The problem: The output is the lines below from the one with "Lovingly maintained 2bd" through the one with "Chopped cabbage, onion", both included, printed exactly and with no other line.

The records:
☆ ☆ ☆

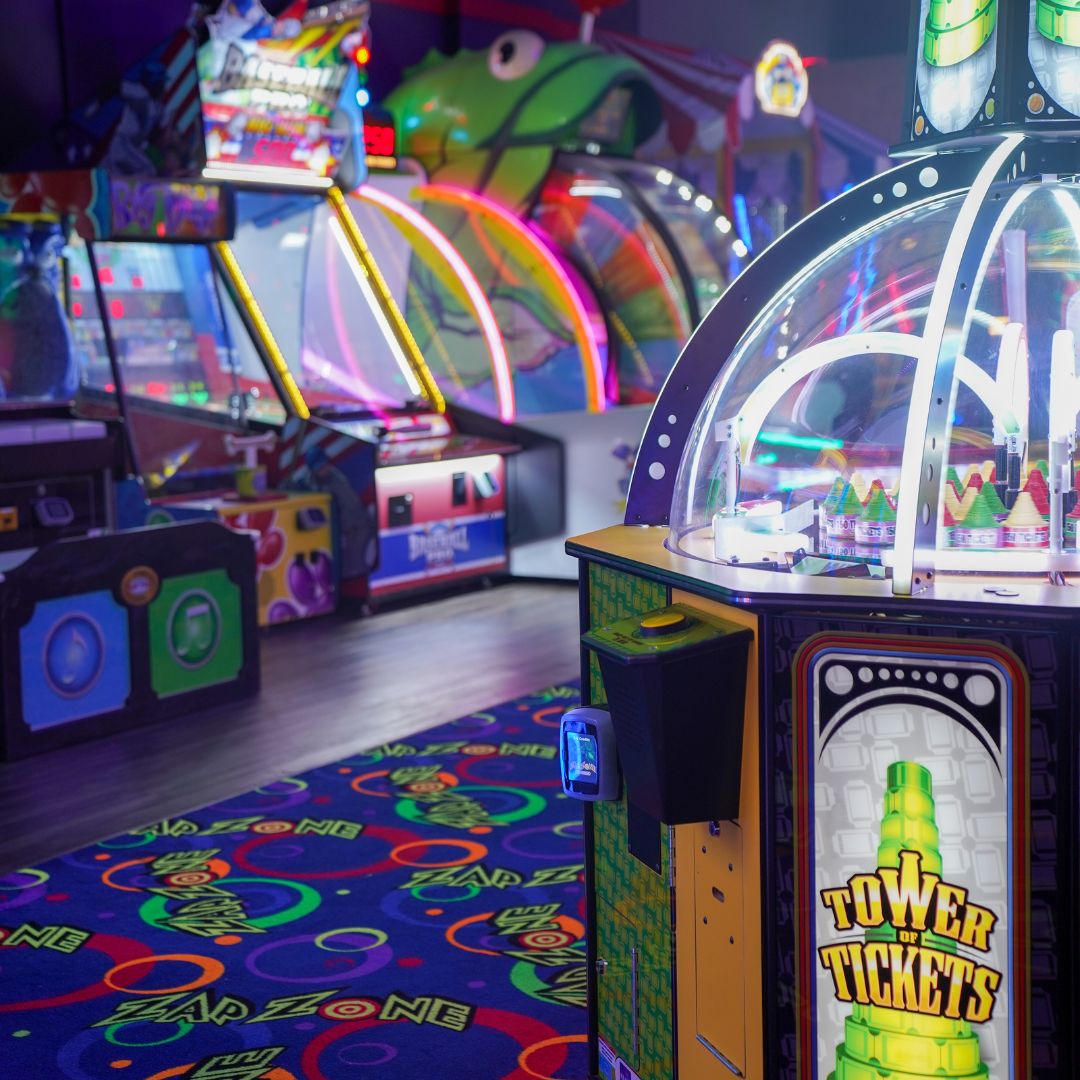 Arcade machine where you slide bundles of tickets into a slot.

☆ ☆ ☆

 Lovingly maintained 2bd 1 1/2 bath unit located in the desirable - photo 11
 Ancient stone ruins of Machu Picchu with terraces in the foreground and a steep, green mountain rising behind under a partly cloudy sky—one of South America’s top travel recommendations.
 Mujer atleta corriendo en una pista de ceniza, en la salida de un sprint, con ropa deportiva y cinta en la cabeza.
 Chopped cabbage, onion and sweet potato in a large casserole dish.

☆ ☆ ☆

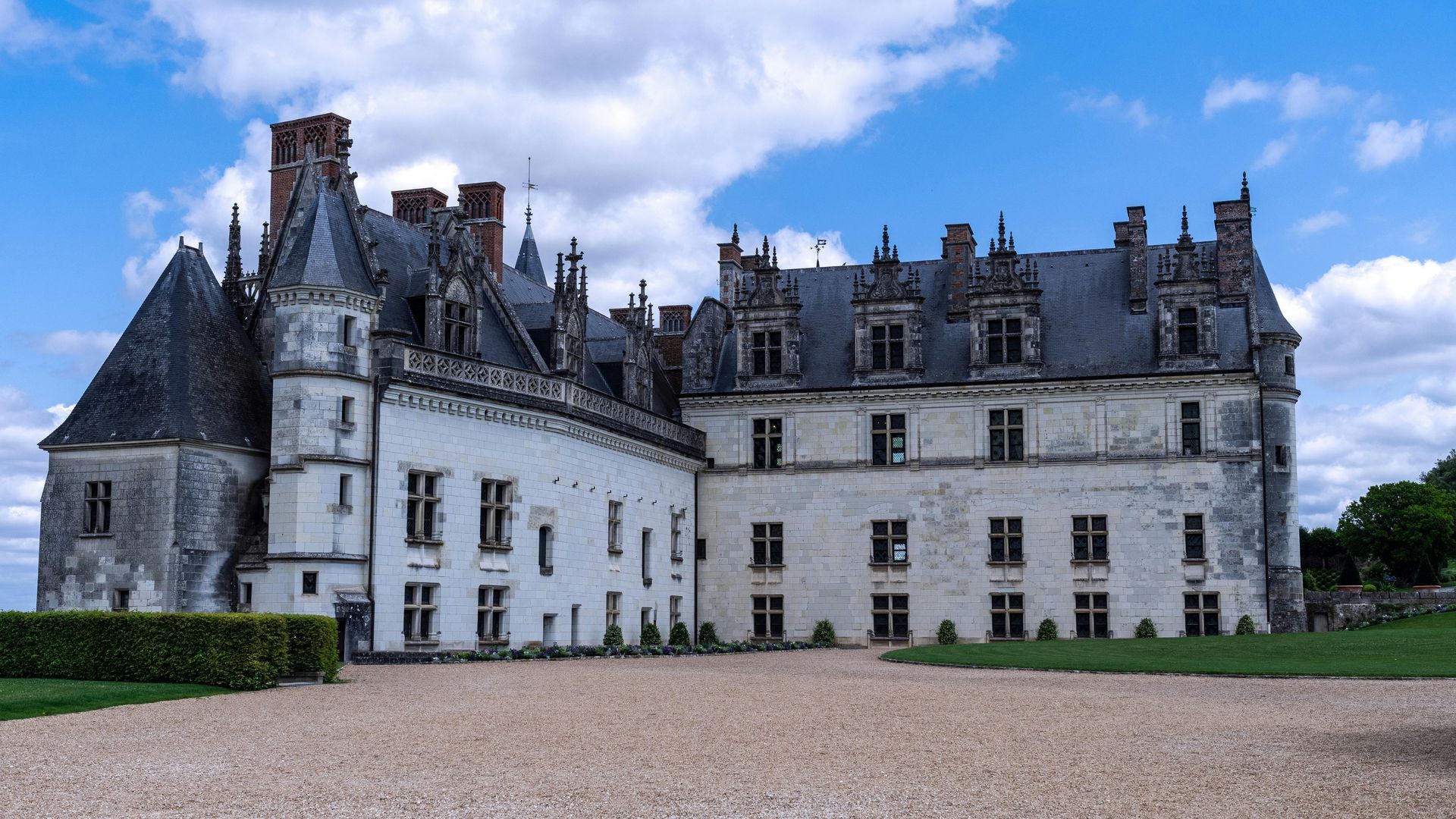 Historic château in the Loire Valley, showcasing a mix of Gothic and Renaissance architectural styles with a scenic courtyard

☆ ☆ ☆

Exercise solution:
 Lovingly maintained 2bd 1 1/2 bath unit located in the desirable - photo 11
 Ancient stone ruins of Machu Picchu with terraces in the foreground and a steep, green mountain rising behind under a partly cloudy sky—one of South America’s top travel recommendations.
 Mujer atleta corriendo en una pista de ceniza, en la salida de un sprint, con ropa deportiva y cinta en la cabeza.
 Chopped cabbage, onion and sweet potato in a large casserole dish.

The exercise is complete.